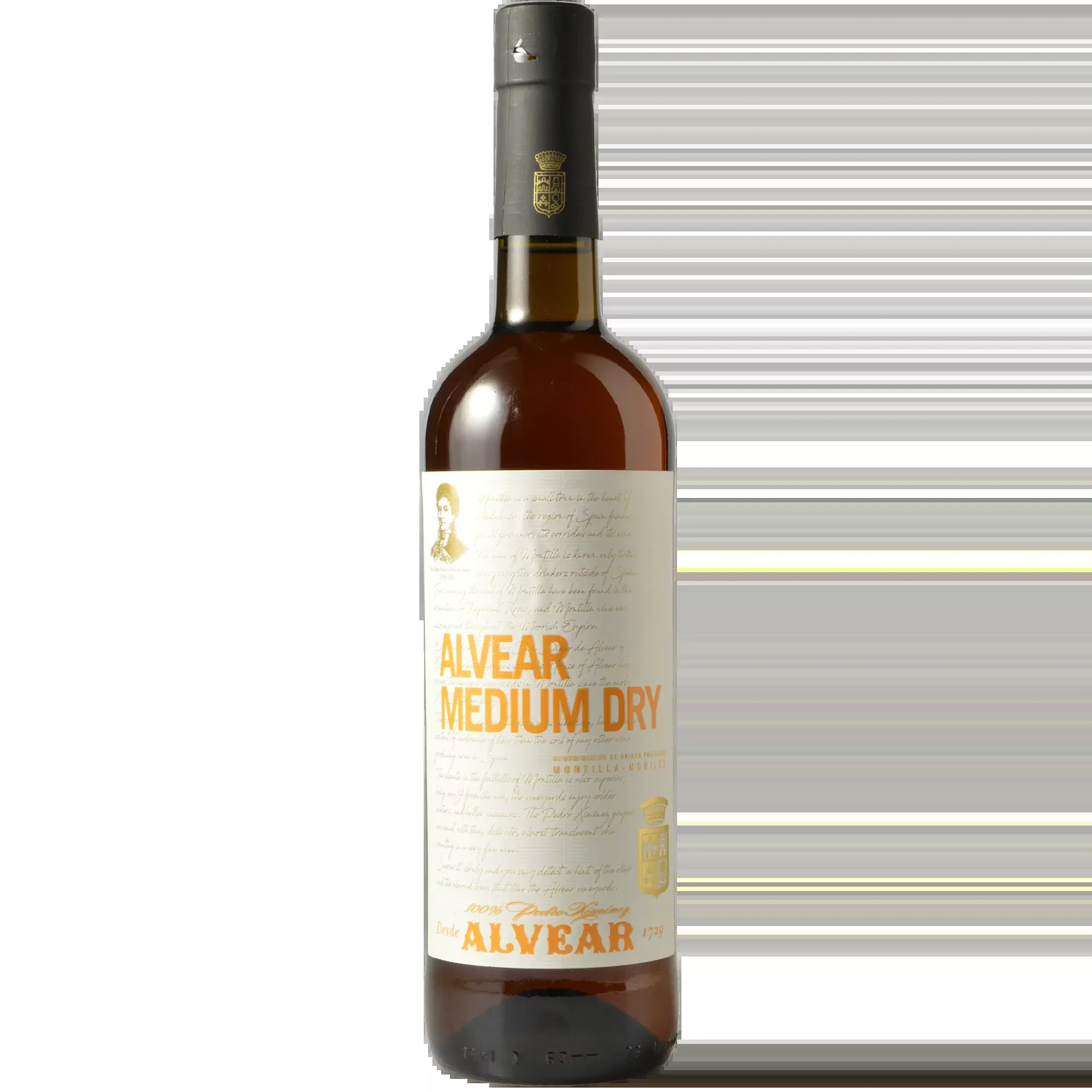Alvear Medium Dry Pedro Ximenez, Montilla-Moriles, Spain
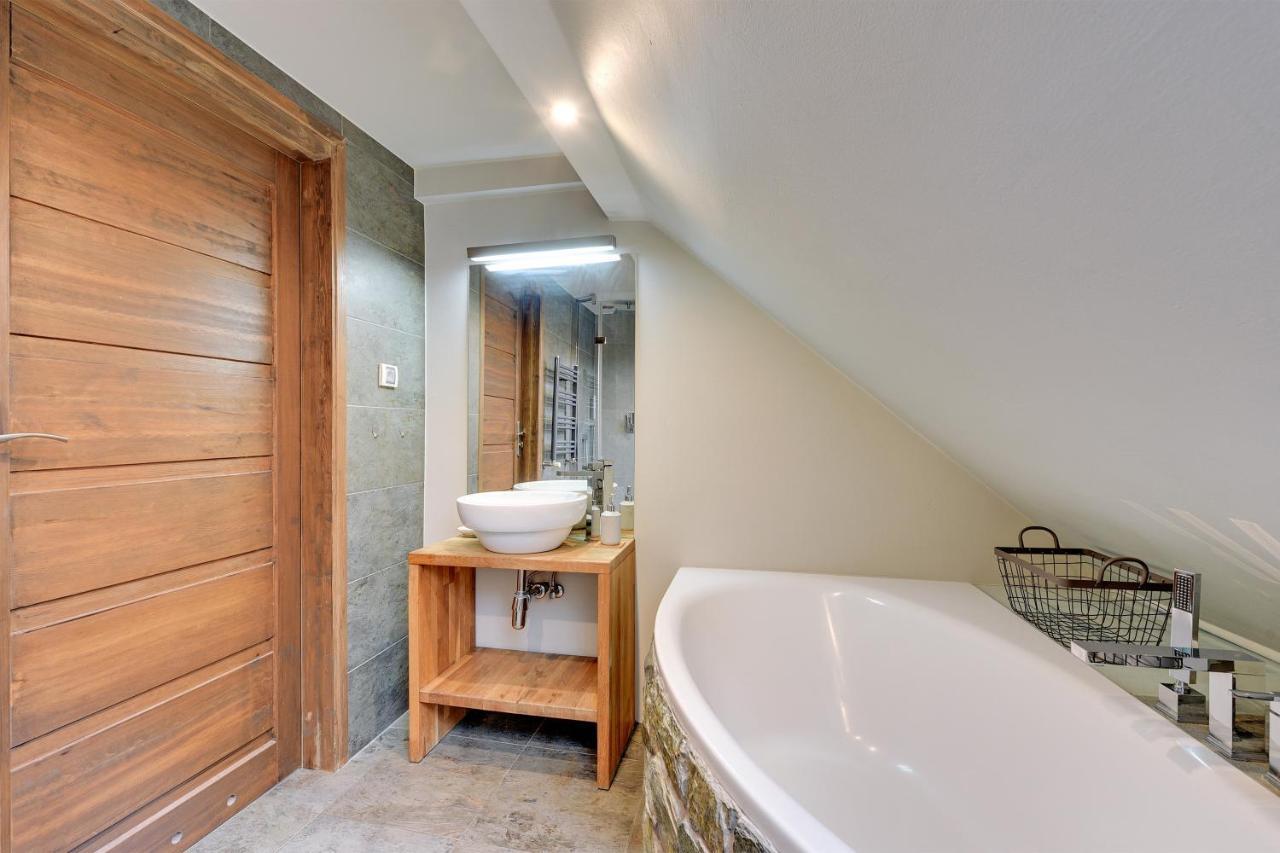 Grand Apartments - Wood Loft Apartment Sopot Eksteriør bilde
* * *
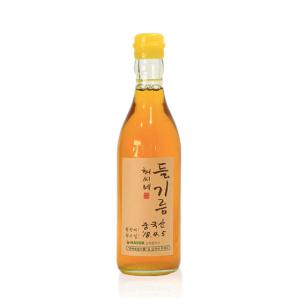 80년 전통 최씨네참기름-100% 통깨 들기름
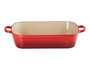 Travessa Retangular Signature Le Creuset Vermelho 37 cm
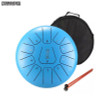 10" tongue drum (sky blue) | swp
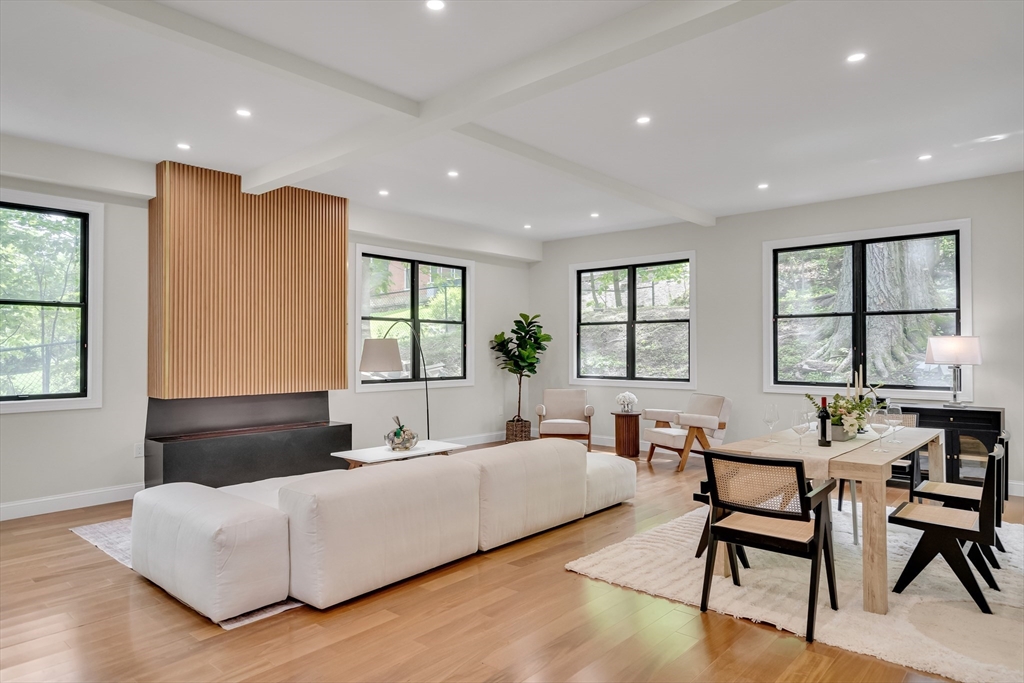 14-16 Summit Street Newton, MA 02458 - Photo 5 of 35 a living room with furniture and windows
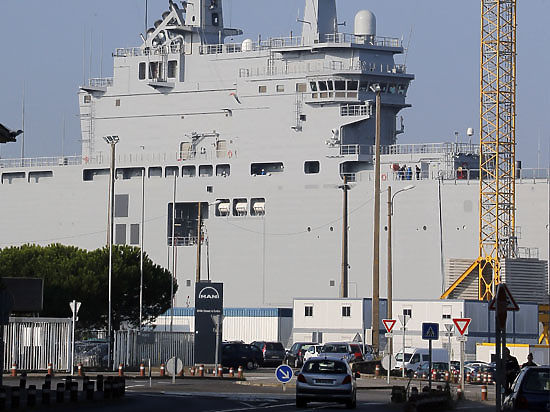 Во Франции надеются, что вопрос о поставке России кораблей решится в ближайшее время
==
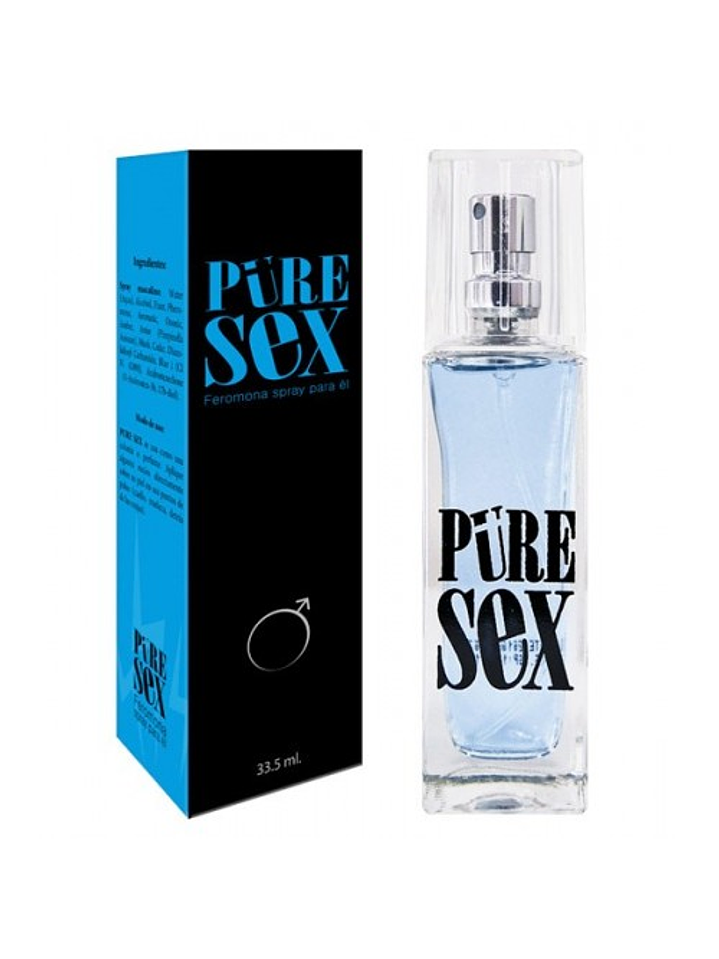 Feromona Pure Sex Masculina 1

• _To do_
Take the material above from the line containing "14-16 Summit Street" up to and including the line containing "Во Франции надеются, что" and retype it exactly, without any pictures.

• _Completed exercise_
 14-16 Summit Street Newton, MA 02458 - Photo 5 of 35 a living room with furniture and windows
 Во Франции надеются, что вопрос о поставке России кораблей решится в ближайшее время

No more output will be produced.